Basic transfer procedure
This represents the simplest case. Further configuration is possible for most of these steps.
Please refer to mast-upload's help and the complete label schema description
for a full description of functionality and options.
Complete the label
Once you receive a skeleton label from MAST:
- Add filetype name patterns and standards to skeleton label (see "Completing a label" below)
- Run
mast-upload populate-label /path/to/data/files /path/to/label_with_filetypes.yml, where /path/to/data/files is the root directory of a tree that contains your files (or a representative subset) - Read the populated label ({dataset}-{delivery_id}-populated.yml) and confirm that it accurately represents your files, or make edits if necessary
- run
mast-upload validate-all /path/to/data/files {dataset}-{delivery_id}-populated.ymlto confirm that the label passes validation against your files - Send the populated label to MAST for verification and possible further refinements.
Send a sample
Once MAST has accepted your label and informed you that you are authorized to send a sample:
- Select a representative sample of your data set and place it in its own directory tree (or manually prepare / edit an index file to list just those files)
- Run
mast-upload index /path/to/sample/data/files --make-checksums --output sample-index-filename.csvto produce an index for those files. Check the index to verify that it lists the files you intend to send. - Run
mast-upload transfer /path/to/sample/data/files /path/to/label_confirmed_by_mast.yml sample-index-filename.csv --sampleto upload those files to MAST. Wait for the transfer and validation to complete. If the transfer is interrupted or if you need to adjust some files to pass validation, run the command again to resume.
Send full data set
Once your sample has passed validation and been reviewed by MAST:
- Run
mast-upload index /path/to/all/data/files --make-checksums --output full-index-filename.csvto produce an index for your full data set. Check the index to verify that it lists the files you intend to send. - Run
mast-upload transfer /path/to/all/data/files /path/to/label_confirmed_by_mast.yml full-index-filename.csvto upload those files to MAST. Wait for the transfer and validation to complete. If the transfer is interrupted or if you need to adjust some files to pass validation, run the command again to resume.
Completing a label
Minimal label example
Here is a minimal example of a legal label. The skeleton label you receive from MAST will contain at least this information:
dataset: some-dataset
delivery_id: 1234
time:
delivery_start_date: 2026-11-14
delivery_meta:
schema_version: 0.1.0
However, for actual use, a "filetypes" section should almost always be added. Doing this is described in the next section.
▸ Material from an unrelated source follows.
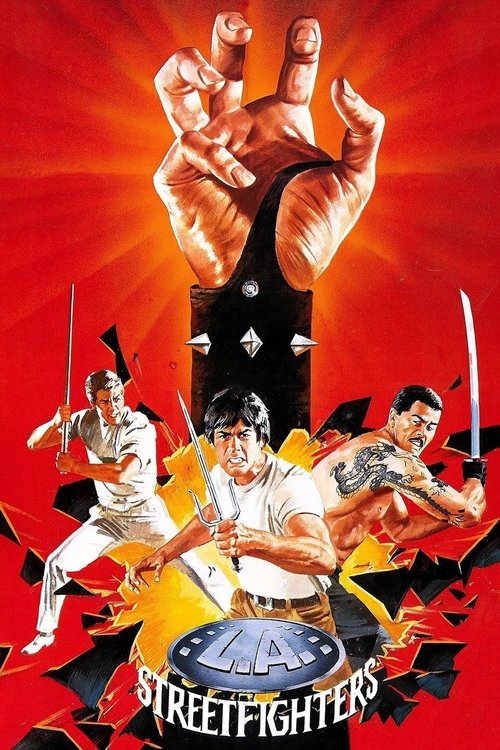 Los Angeles Streetfighter (1985) poster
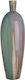 Inart Decorative Vase Multicolour 21x21x67cm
Populating a label's filetypes section
Filenames and standards
The initial label you receive does not include descriptions of the specific kinds of files you plan to deliver. To
support validation, you will need to add these descriptions to the label. mast-upload includes commands to help you
build out more complete descriptions for data files, but you need to provide it with filename patterns and standards so
that it knows what files belong to what filetypes.
The simplest valid filetype description consists of a short name for the filetype, a filename pattern, and a standard name. "filename" is a regular expression matching filenames of that filetype. It should uniquely specify the filenames of that filetype: overlaps between filetypes are invalid. For FITS, ASDF, or Parquet files (which support data-level validation) "standard" must be, respectively, "fits", "asdf", or "parquet". For other kinds of files (which do not support data-level validation), "standard" can be any reasonable short identifier for the file format.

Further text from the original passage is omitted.